030601

 なぜか出張に行くといつもひどく耳が痒くなって、僕はいつも空港やコンビニで耳かきを買うことになってしまう。歯ブラシや髭そりと一緒に耳かきを一本入れておこうと思うのだけれど、次の出張の時にはそんなことはきれいに忘れている。何度も買ったはずの耳かきが鞄の底に一本くらい転がってそうなものだけれど、いまだかつてそんなことは一度もなかった。結局、小さなだるまやふわふわした白い綿毛やプラスチックのイルカやなんだかよくわからないものがついた耳かきを繰り返し買い求めることになってしまう。僕だって好き好んでそんな格好悪いうえに使いにくい耳かきなんて使いたくはないのだけれど、シンプルで実用的なものはどこにも見あたらない。
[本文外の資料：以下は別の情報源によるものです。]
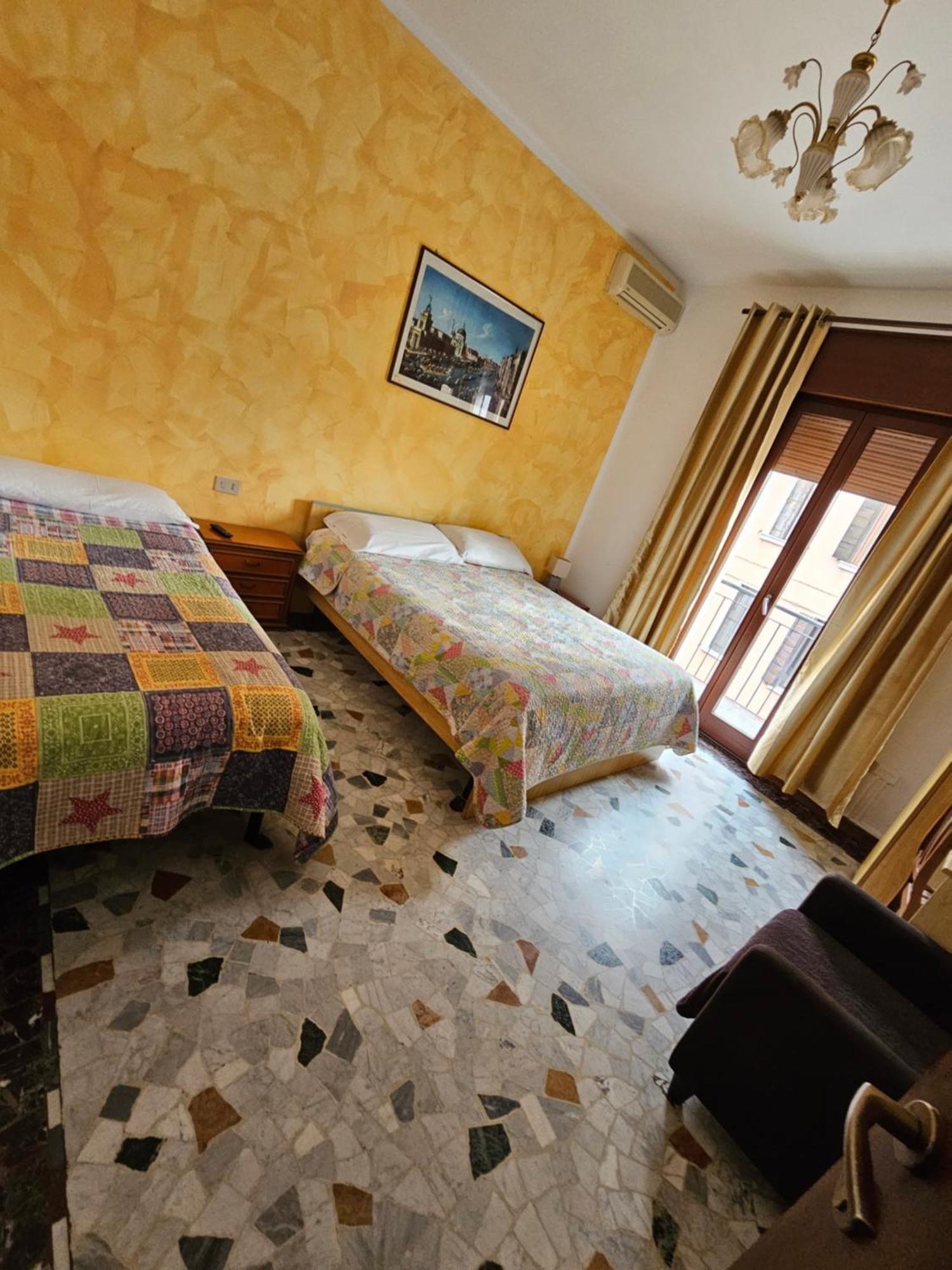 Bed and Breakfast The Caponi Bros Местре Экстерьер фото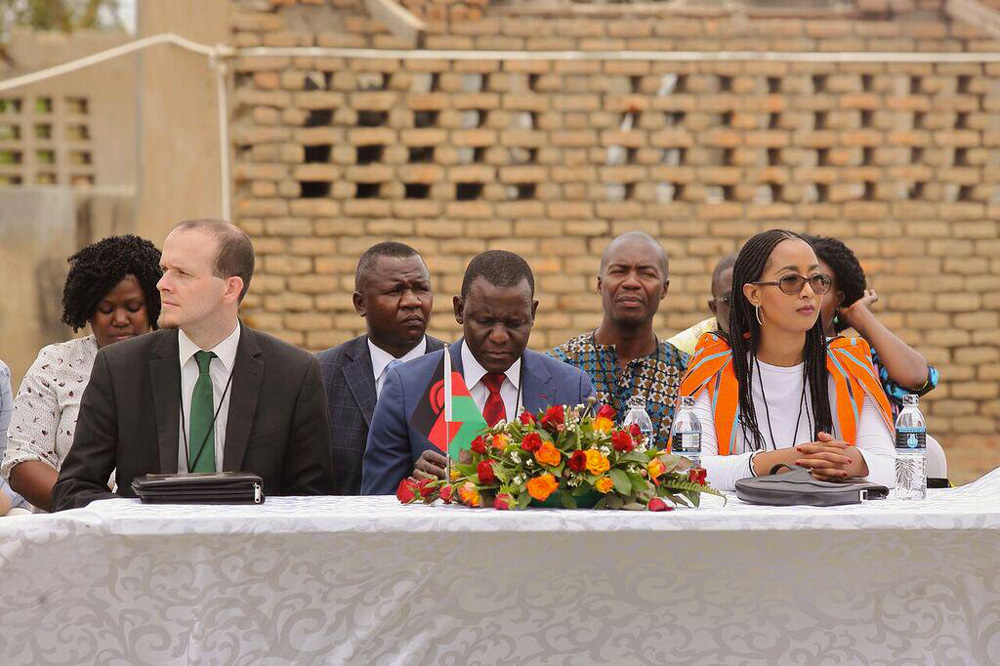 Photo de groupe : avec la Vice-Présidente de la CEDEAO, les partenaires du BIT et les bénéficiaires et la délégation du NEPAD au YES Forum organisé dans le cadre de la Global Entrepreneurship Week à Dakar, novembre 2018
 決まって耳が痒くなるのはたぶん飛行機や新幹線で移動する時の気圧の変化のせいだと思う。さすがに空港や駅で耳かきをすることはできないから、僕はひたすらホテルまで我慢するしかない。耳の痒さって不思議なもので、ちょっとしたことですぐに忘れてしまうのだけれど、そういえば昼間耳が痒かったなってことを思い出したとたんに再び痒くなる。それは忘れる前の何倍かの猛烈な痒さだ。そうして何時間か前に買ったはずの耳かきを慌てて探すはめになる。

 ところで僕はこの文章を羽田空港の地下1階にある紅茶の店で書いている。ずっと以前に、この店でひどく優雅にクレープを食べる女の子を見たことがある。ナイフとフォークはアイスダンスのペアのように白い皿の上を滑り、切り取られ小さく折り畳まれたクレープは物理の法則に定められた軌道を通るように彼女の口に運ばれた。額縁に入れてルーブルに飾ってもおかしくないほど美しかった。きっと毎日何万もの人がそれを見るために訪れるだろう。僕はしばらく彼女の指先と口元を交互に見続けた。その時もやはりひどく耳が痒くかったのだけれど、彼女の食べっぷりを見ているうちにそんなことはすっかり忘れてしまった。そして僕はいま彼女のクレープの食べ方を思い出し、あのときの耳の痒さを思い出した。僕のポケットにはもちろんさっき買ったばかりの耳かきが入っている。